Shock was no longer sufficient to convey Trent's current feeling. Ripping several thousand tons of rock from the ground, essentially re-writing the landscape, and doing so without so much as a bead of sweat on your face takes scads of power. Trent was fighting a battle he had no chance of winning.
It hadn't stopped him before, but he hadn't the faintest idea what options he had left.
--------
Miles away, Orson paused as he felt the stirrings. For all that the rage empowering him was mindless, it made him a sensitive individual when he was not consumed by Hyuri. He could feel the very fabric of the ground around him being torn asunder. More importantly, in the direction that three elves he'd allowed himself to trust and befriend. Wordlessly, he turned his horse to ride for the disturbance.
Shiris paused as she noticed the lack of a second horse.
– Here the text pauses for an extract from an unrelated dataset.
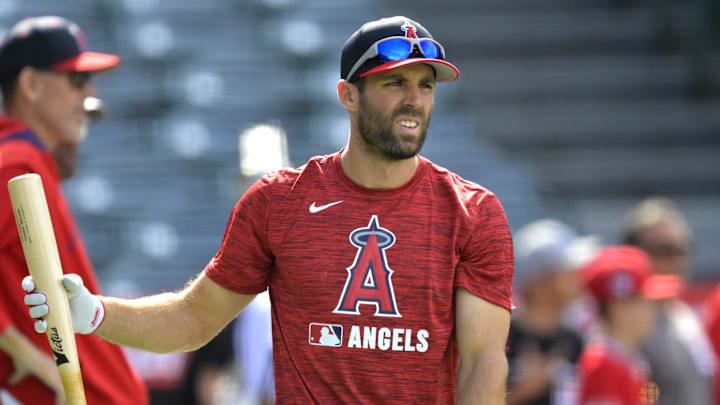 May 26, 2025; Anaheim, California, USA; Los Angeles Angels center fielder Chris Taylor (33) takes batting practice prior to the game against the New York Yankees at Angel Stadium. Mandatory Credit: Jayne Kamin-Oncea-Imagn Images May 26, 2025; Anaheim, California, USA; Los Angeles Angels center fielder Chris Taylor (33) takes batting practice prior to the game against the New York Yankees at Angel Stadium. Mandatory Credit: Jayne Kamin-Oncea-Imagn Images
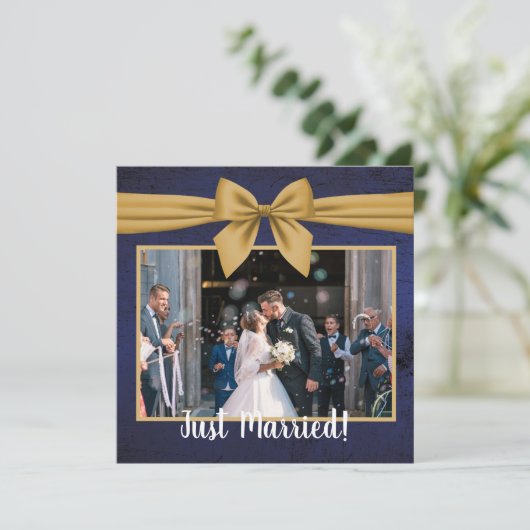 Bleu foncé avec Faire-part Mariage or (Debout devant)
Wheeling, she stared in confusion at the rapidly shrinking image of Orson. "HEY! WHAT'S GOING ON?!" Sighing at his carelessness, she turned to follow. "WAIT FOR ME!"
--------
Wagnard sighed as his opponent still refused to budge. "I grow weary of this. Gesturing carelessly with his left hand, he summoned crimson bolts of lightning from the ground, erupting around Trent like some kind of grotesque parody of growth.
Silent by nature, he still had his limits. The sheer, raw pain he felt under the assault was too much...more than he could bear. A scream ripped out of his throat, and he howled til his throat went raw.
Deedlit and Pirotess stared in horror as Wagnard began floating towards them, a crackling orb orb of light in his hand. A larger orb exploded from the ground, a cage that not even Karla could have sundered, yet one that would cause no harm.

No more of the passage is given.